O arquivo não é uma soma de textos que uma cultura conseguiu armazenar. Não é um espaço de memória das instituições ou da identidade da sociedade estudada,

trata-se antes, e ao contrário, do que faz com que tantas coisas ditas por tantos homens, há tantos milênios, não tenham surgido apenas segundo as leis do pensamento, ou apenas segundo o jogo das circunstâncias, que não sejam simplesmente a sinalização, no nível das performances verbais, do que se pôde desenrolar na ordem do espírito ou na ordem das coisas; mas que tenham aparecido graças a todo um véu discursivo; que em lugar de serem figuras adventícias e como que inseridas, um pouco ao acaso, em processos mudos, nasçam segundo regularidades específicas: em suma, que se há coisas ditas – e somente estas -, não é preciso perguntar sua razão imediata às coisas que aí se encontram ditas ou aos homens que as disseram, mas ao sistema da discursividade, às possibilidades e às impossibilidades enunciativas que ele conduz[6]

O arquivo, termina Foucault, é “a lei do que pode ser dito, o sistema que rege o aparecimento dos enunciados como acontecimentos singulares”[7]. Ele não protege os enunciados de seu envelhecimento, de seu esquecimento, mas também não os empurra para a morte: ele é aquilo que os organiza segundo regularidades específicas.

Portanto, o arquivo define o sistema de enunciabilidade do enunciado-acontecimento e o modo de atualidade (ou atualização) do enunciado-coisa, seu sistema de funcionamento.

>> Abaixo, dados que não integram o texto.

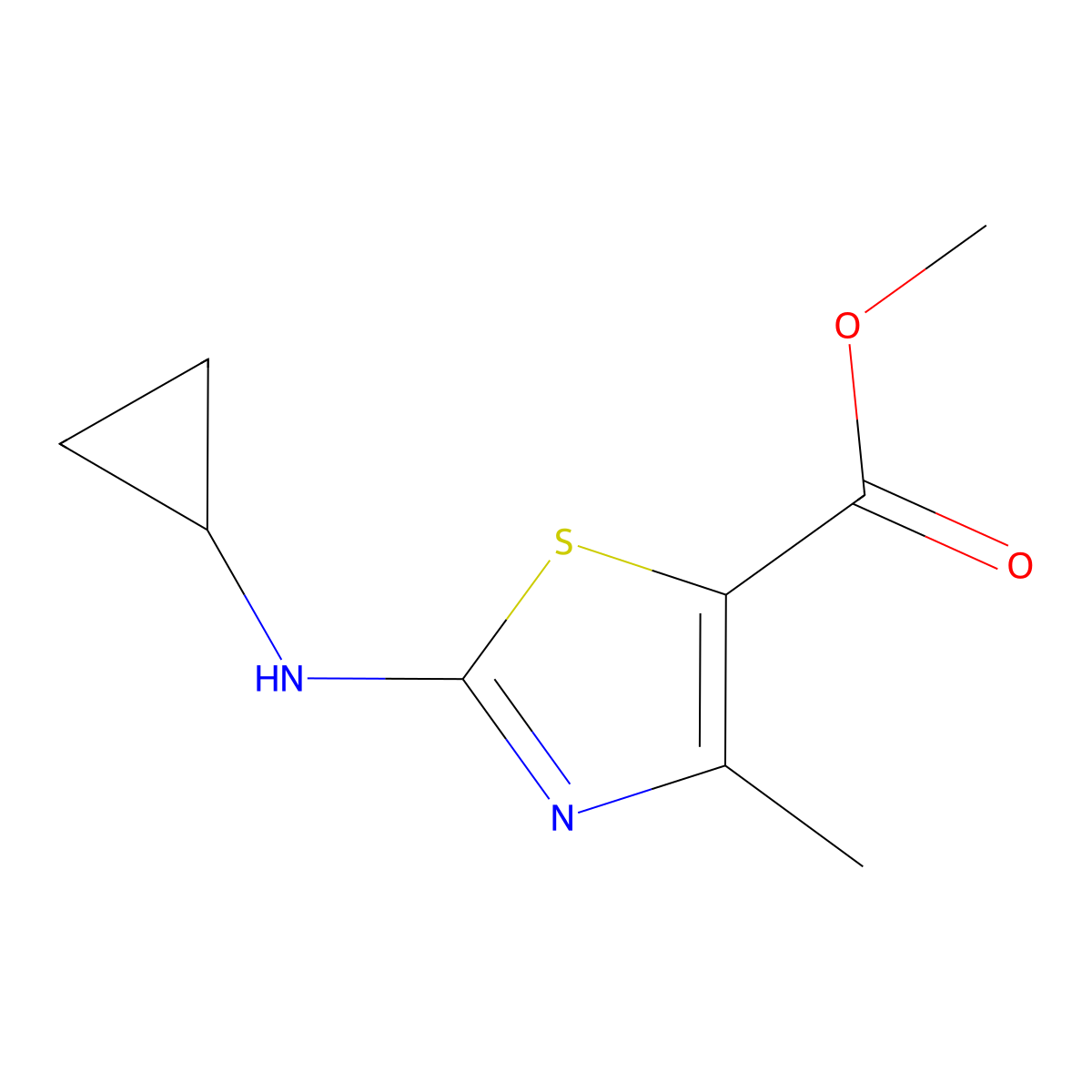 Methyl 2-(cyclopropylamino)-4-methyl-1,3-thiazole-5-carboxylate molecular structure, CAS 1479884-57-5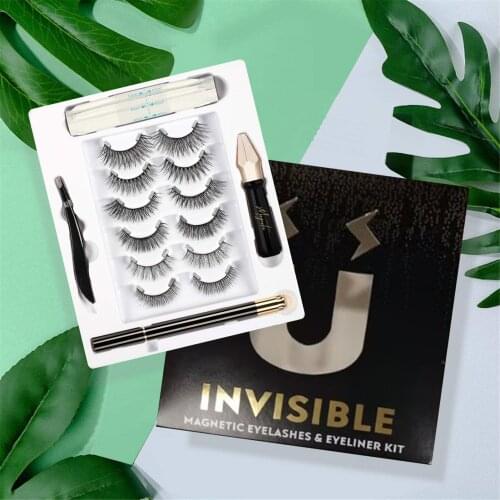6 Pair Of 3D Repeated Use Magnetic Eyelashes Handmade Eyelashes Eye Makeup Extended False Eyelashe With 2 Eyeliner Pen 2021
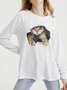 Casual Winter Printed Lightweight Daily Long sleeve Loose Crew Neck Cotton-Blend Sweatshirts for Women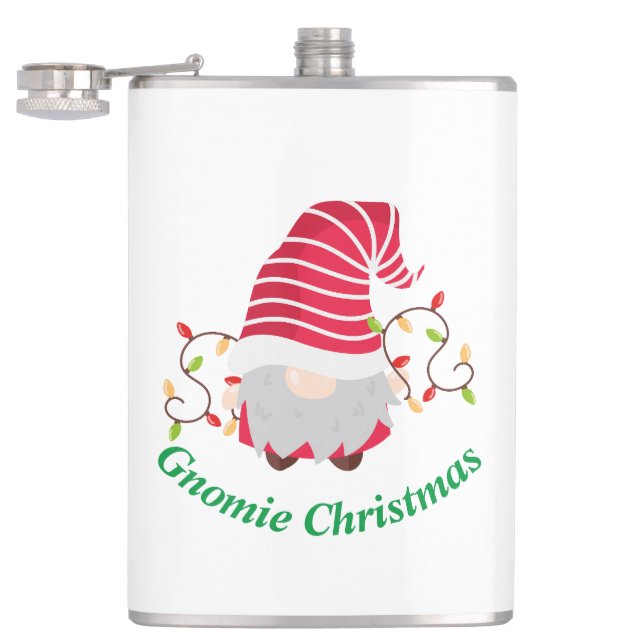 Gnomie Christmas Vinyl Wrapped Flask Flachmann (Geöffnet)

Longe da língua, que define o sistema de construção de frases ou seu corpus que recolhe e armazena as palavras enunciadas, o arquivo faz surgir enunciados, assim como acontecimentos regulares e diversas coisas oferecidas à manipulação: ele não é aquilo que separa e classifica, mas é um fator de classificação que gera os elementos que classifica, que possibilita sua enunciação. “É o sistema geral da formação e da transformação dos enunciados”[8].

O arquivo não pode ser completamente analisado, é humanamente impossível. Muito menos será analisado o arquivo da sociedade presente, já que somos atravessados por suas formações discursivas – quanto mais longe do pesquisador, melhor a análise de um arquivo.

Ele só pode ser visto a partir de níveis e escolhas focais. Deve-se escolher pontos para análise, locais específicos.

As formações discursivas, por sua vez, são analisadas dentro do arquivo, horizonte último das análises dos discursos (que estão, sempre, dentro de um sistema geral de arquivo).

Referências

[1] FOUCAULT, Michel. O A Priori Histórico e o Arquivo IN: A Arqueologia do Saber. 8ª edição, Rio de Janeiro: Forense Universitária, 2012, p.154.

[2] Raridade, Exterioridade, Acúmulo IN: A Arqueologia do Saber: resenha detalhada. Colunas Tortas, acessado em 04/02/2016.

[3] FOUCAULT, Michel. O A Priori Histórico e o Arquivo… p.155.

[4] FOUCAULT, Michel. O A Priori Histórico e o Arquivo… p.156.

[5] FOUCAULT, Michel. O A Priori Histórico e o Arquivo… p.157.

[6] FOUCAULT, Michel. O A Priori Histórico e o Arquivo… p.157-158.

[7] FOUCAULT, Michel. O A Priori Histórico e o Arquivo… p.158.

[8] FOUCAULT, Michel. O A Priori Histórico e o Arquivo… p.159.